Top of Collected material

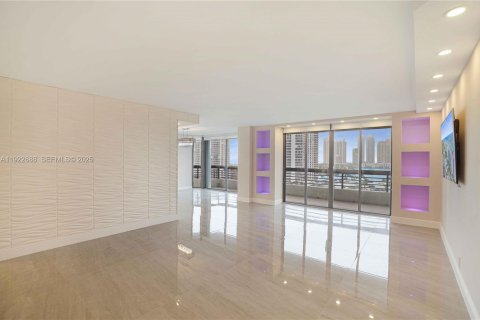 Copropriété à louer à Aventura, Floride: 2 chambres, 136.01 m2 № 1976506 - photo 1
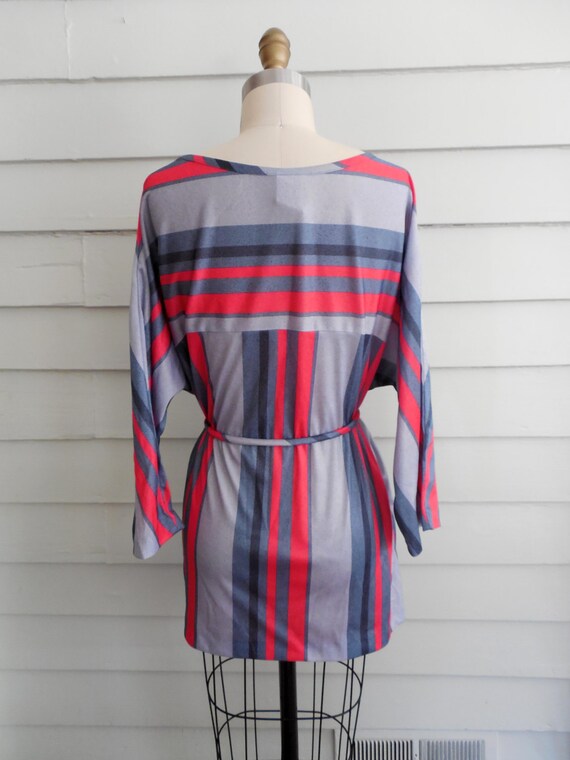 1970s striped tunic in red and gray / Medium to L… - image 4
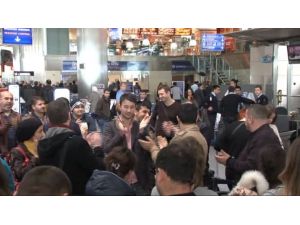 Havalimanında Alkışlı Protesto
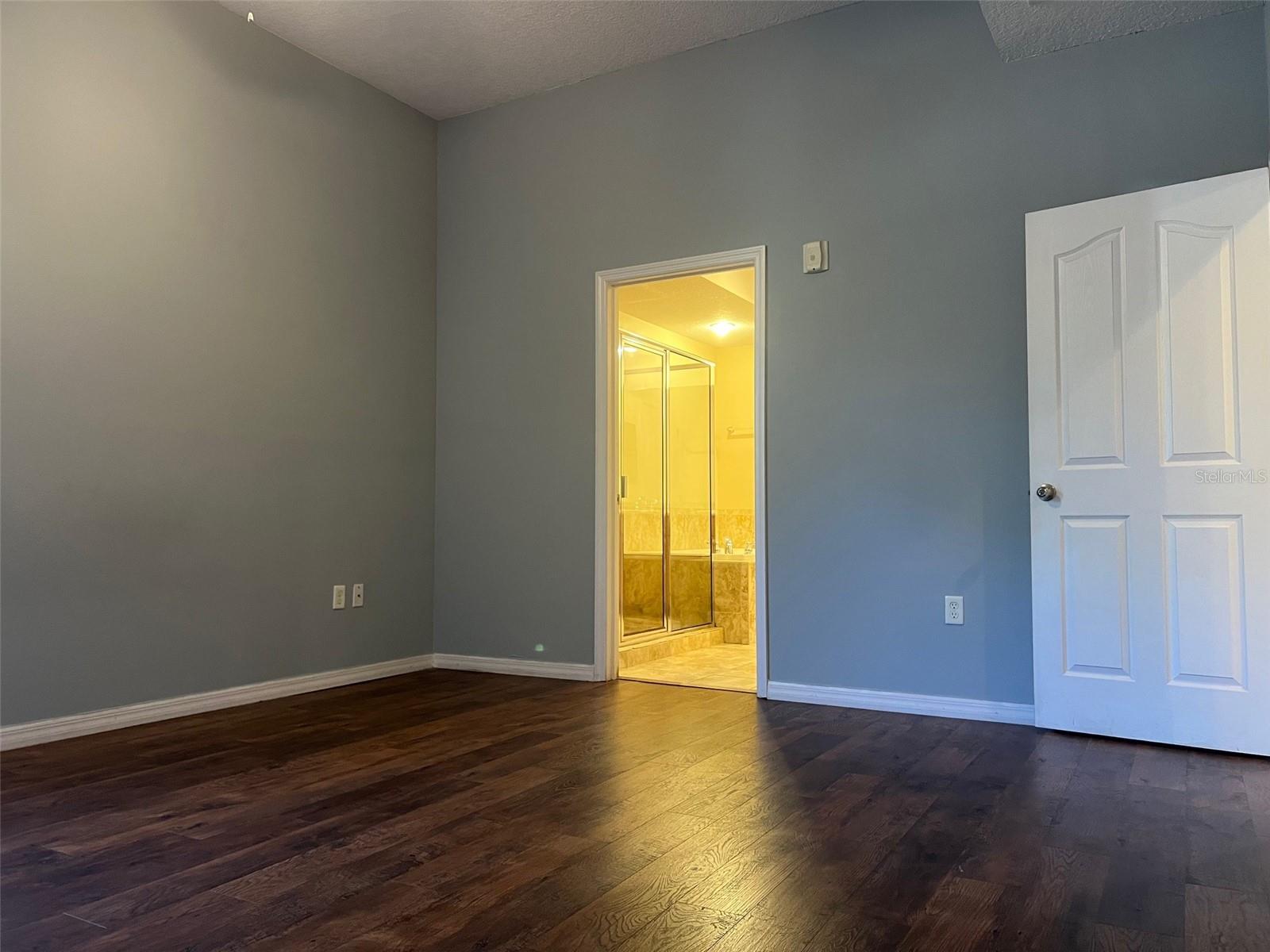 Image 8 of 44 For 642 Wells Court 201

Bottom of Collected material

▶ _Task goal_:
Give back the full listing above word for word, and let no picture through.

▶ _Written response_:
 Copropriété à louer à Aventura, Floride: 2 chambres, 136.01 m2 № 1976506 - photo 1
 1970s striped tunic in red and gray / Medium to L… - image 4
 Havalimanında Alkışlı Protesto
 Image 8 of 44 For 642 Wells Court 201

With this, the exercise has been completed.